Berkeley Heights Youth Soccer Club

Coaching Principles & Guidelines

General Youth Coaching Principles

 Thank you for undertaking the important role of being a volunteer coach.  Coaching is an extremely important responsibility.  A good coach always places the best interest of the player and the team before winning.  By volunteering you have placed yourself in a position of leadership and the players and the parents are counting on you.  As such, you have a responsibility to give them your best effort at all times (on and off the field of play).  This athletic experience will play a significant factor in determining whether the players continue participating in sports in the future.  You are tasked with helping young players fall in love with the game and ultimately, as they mature and grow, look to give something back to the game.  The hope is that we provide a fun, energetic and challenging environment where players walk away with more confidence, a sense of belonging, improved athletic abilities, and also as better young people. If you follow the list of coaching principles, the player and their parents will be better served. 

Coaching Guidelines

1.     The safety and welfare of the players can never be compromised.  A coach will consider these factors above all others.

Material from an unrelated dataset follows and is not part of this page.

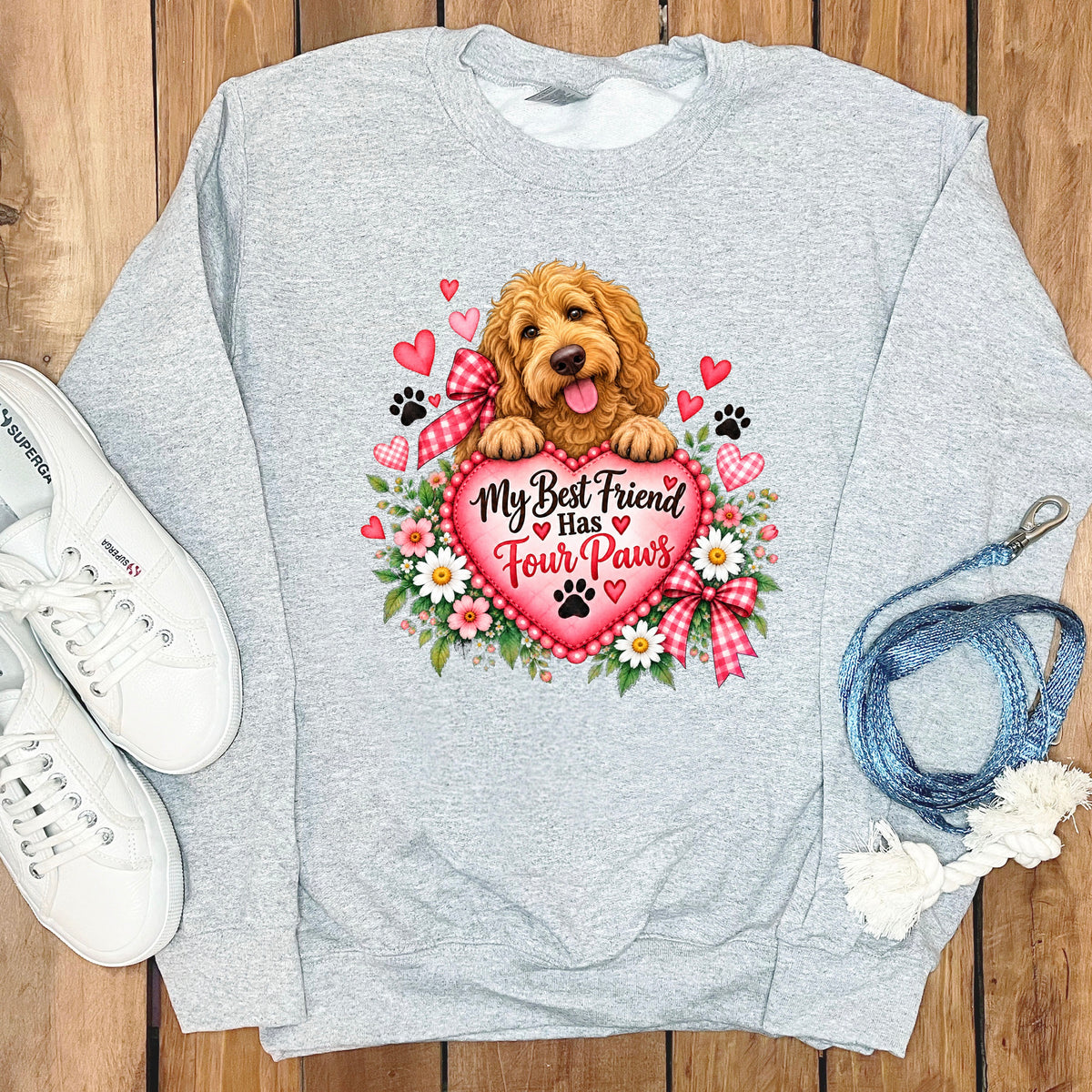 Light gray crewneck sweatshirt featuring a graphic of a golden puppy resting on a pink heart with the text "My Best Friend Has Four Paws".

2.     A coach should be enthusiastic without being intimidating.  He/she should be sensitive to the player’s feelings and genuinely enjoy spending time with them.  He/she should be dedicated to serving children and understand sports provide physical and emotional growth for its participants.

3.     A coach needs to realize he/she is a teacher, not a drill sergeant.  He/she should help children learn and work to improve their skills.  Personal gains are never a consideration.  The job does not depend on winning.  The best interest of the player transforms into the best interest of the game.

4.     A coach needs a tremendous amount of patience.  Players should be allowed to learn from their own mistakes.  Children have many daily pressures and the athletic experience should not be one of them. Playing sports is supposed to be fun.

5.     An effective coach meets a player where they’re at ability-wise, and then encourages the player to push themselves beyond these limits.  Specific age appropriate guidelines are laid out in the Player Development Philosophy (PDP)

6.     A coach should care more about the players as people, not just as athletes.

7.     A coach should encourage his/her players to dream and set lofty goals.  It is important to remain positive and refrain from making discouraging remarks.  Negative comments are remembered far more often than positive affirmations.

8.     A coach needs to remember the rules of the game are designed to protect the players, as well as to set a standard of competition.  He/she should not circumvent or take advantage of the rules by teaching deliberate misconduct. A coach who puts his/her opponent’s team at risk should not be involved with children.

9.     A coach should be the first person to demonstrate good sportsmanship.  He/she should take a low profile during the game and allow the kids to be the center of attention.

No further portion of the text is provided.